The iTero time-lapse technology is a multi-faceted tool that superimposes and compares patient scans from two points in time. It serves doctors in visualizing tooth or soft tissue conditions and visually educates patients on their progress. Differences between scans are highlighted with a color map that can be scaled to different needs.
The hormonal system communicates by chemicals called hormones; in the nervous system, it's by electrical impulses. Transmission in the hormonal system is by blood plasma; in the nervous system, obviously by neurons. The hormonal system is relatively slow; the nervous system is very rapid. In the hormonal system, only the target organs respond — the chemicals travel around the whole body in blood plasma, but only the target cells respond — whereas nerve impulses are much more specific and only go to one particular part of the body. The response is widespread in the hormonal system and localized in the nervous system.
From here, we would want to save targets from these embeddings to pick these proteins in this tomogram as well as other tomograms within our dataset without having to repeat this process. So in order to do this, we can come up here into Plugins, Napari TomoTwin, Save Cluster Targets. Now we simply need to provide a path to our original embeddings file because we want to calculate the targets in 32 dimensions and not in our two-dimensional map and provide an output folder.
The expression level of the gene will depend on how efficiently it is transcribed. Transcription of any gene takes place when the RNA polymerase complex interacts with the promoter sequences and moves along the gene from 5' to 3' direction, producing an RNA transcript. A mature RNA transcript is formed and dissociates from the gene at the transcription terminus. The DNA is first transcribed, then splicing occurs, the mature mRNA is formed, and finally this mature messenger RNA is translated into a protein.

==

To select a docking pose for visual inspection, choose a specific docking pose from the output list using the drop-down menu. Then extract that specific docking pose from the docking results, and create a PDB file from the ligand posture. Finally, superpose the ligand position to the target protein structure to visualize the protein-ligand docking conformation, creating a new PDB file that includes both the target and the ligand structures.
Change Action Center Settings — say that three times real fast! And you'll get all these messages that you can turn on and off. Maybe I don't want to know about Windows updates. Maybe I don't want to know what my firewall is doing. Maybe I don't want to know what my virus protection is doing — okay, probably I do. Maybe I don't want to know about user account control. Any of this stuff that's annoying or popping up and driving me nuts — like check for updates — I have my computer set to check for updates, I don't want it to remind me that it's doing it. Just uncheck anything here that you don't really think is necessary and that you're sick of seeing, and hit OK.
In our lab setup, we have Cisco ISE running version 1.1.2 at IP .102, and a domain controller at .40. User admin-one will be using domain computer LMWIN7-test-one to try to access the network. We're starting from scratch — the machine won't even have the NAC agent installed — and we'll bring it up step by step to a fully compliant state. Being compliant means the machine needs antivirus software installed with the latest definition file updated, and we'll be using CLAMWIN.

--

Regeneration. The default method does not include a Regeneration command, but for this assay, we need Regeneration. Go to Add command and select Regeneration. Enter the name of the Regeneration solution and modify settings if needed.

What this task involves
Filtering the entries above by the word "using", copy each line that matches.

Response below
To select a docking pose for visual inspection, choose a specific docking pose from the output list using the drop-down menu. Then extract that specific docking pose from the docking results, and create a PDB file from the ligand posture. Finally, superpose the ligand position to the target protein structure to visualize the protein-ligand docking conformation, creating a new PDB file that includes both the target and the ligand structures.
In our lab setup, we have Cisco ISE running version 1.1.2 at IP .102, and a domain controller at .40. User admin-one will be using domain computer LMWIN7-test-one to try to access the network. We're starting from scratch — the machine won't even have the NAC agent installed — and we'll bring it up step by step to a fully compliant state. Being compliant means the machine needs antivirus software installed with the latest definition file updated, and we'll be using CLAMWIN.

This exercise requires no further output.